Le Soudan vit décidément des heures troubles. Les partisans d’un pouvoir civil dans un pays sorti, en 2019, de trois décennies de dictature militaro-islamiste se sont de nouveau mobilisés lundi, bravant les forces de sécurité déployées en masse dans la capitale et qui, pour la première fois, ont sorti leurs armes lourdes.
Au-dessus de leurs véhicules, des armes lourdes et des mitrailleuses à gros calibres étaient visibles, a constaté un journaliste de l’AFP, alors que la répression a déjà fait 64 morts dans les rangs des manifestants, depuis le coup d’État militaire du 25 octobre. Au milieu des grenades lacrymogènes, des grenades assourdissantes et des tirs de canons à eau, plusieurs manifestants blessés se sont écroulés, certains asphyxiés par le gaz lacrymogène, d’autres saignant après avoir été touchés de plein fouet par les grenades.
Ponts pas bloqués
Les violences à Khartoum se sont concentrées aux abords du palais présidentiel, où siègent aujourd’hui les autorités de transition, désormais aux mains du général Abdel Fattah al-Burhane, l’auteur du putsch. Les forces de l’ordre ont tenté d’empêcher les manifestants de s’en approcher, les poursuivant parfois dans les rues environnantes à coups de grenades lacrymogènes et assourdissantes.

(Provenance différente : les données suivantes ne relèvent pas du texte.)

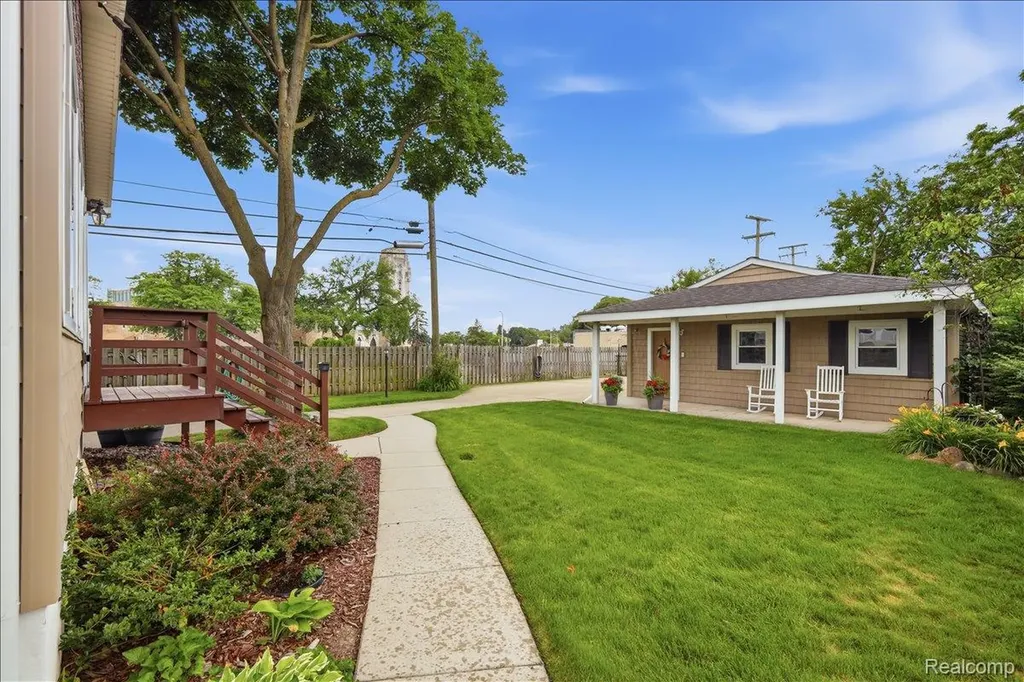 1917 Clawson Avenue Royal Oak City MI 48073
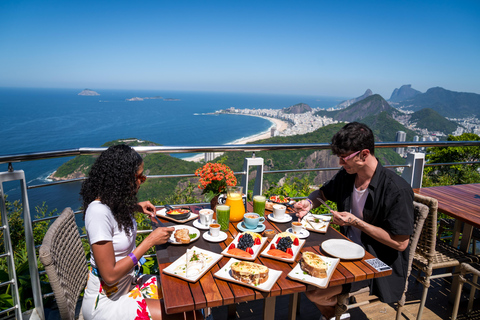 Rio: Sugarloaf Mountain Sunrise with Breakfast & Transfer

Si les forces de sécurité ont quadrillé Khartoum, pour la première fois, elles n’ont pas bloqué l’ensemble des ponts reliant la capitale soudanaise à ses banlieues, sur l’autre rive du Nil. Dans l’une d’elles, Omdourman, des manifestants ont brûlé des pneus et dressé des barricades pour couper des routes, a rapporté un témoin, Sawssane Salah.
Dans le reste du pays aussi
Depuis que le général Burhane, chef de l’armée, a rebattu les cartes avec son coup de force, le pays ne cesse de s’enfoncer dans la violence. Un général de police a été poignardé à mort lors de récentes manifestations, tandis que les forces de sécurité tirent, parfois à balles réelles, sur les manifestants et vont jusqu’à attaquer des blessés et des médecins dans les hôpitaux, selon l’Organisation mondiale de la santé.
Et la mobilisation ne se cantonne pas à la capitale dans ce pays de 45 millions d’habitants, l’un des plus grands d’Afrique. Par exemple, à Madani, à 200 kilomètres au sud de Khartoum, «environ 2000 manifestants ont défilé aux cris d ‘«on ne veut que des civils au pouvoir», selon un autre témoin, Imed Mohammed.
Le 25 octobre, le général Burhane a fait arrêter la plupart des civils qui partageaient le pouvoir avec lui et son armée. Ils ont été libérés depuis, mais le pays est toujours sans Parlement depuis la chute, en 2019, du dictateur Omar el-Béchir et sans gouvernement depuis le putsch. Le général Burhane, qui s’est entouré de généraux et de civils sans passé militant, est donc de facto seul aux commandes du pays, l’un des plus pauvres du monde.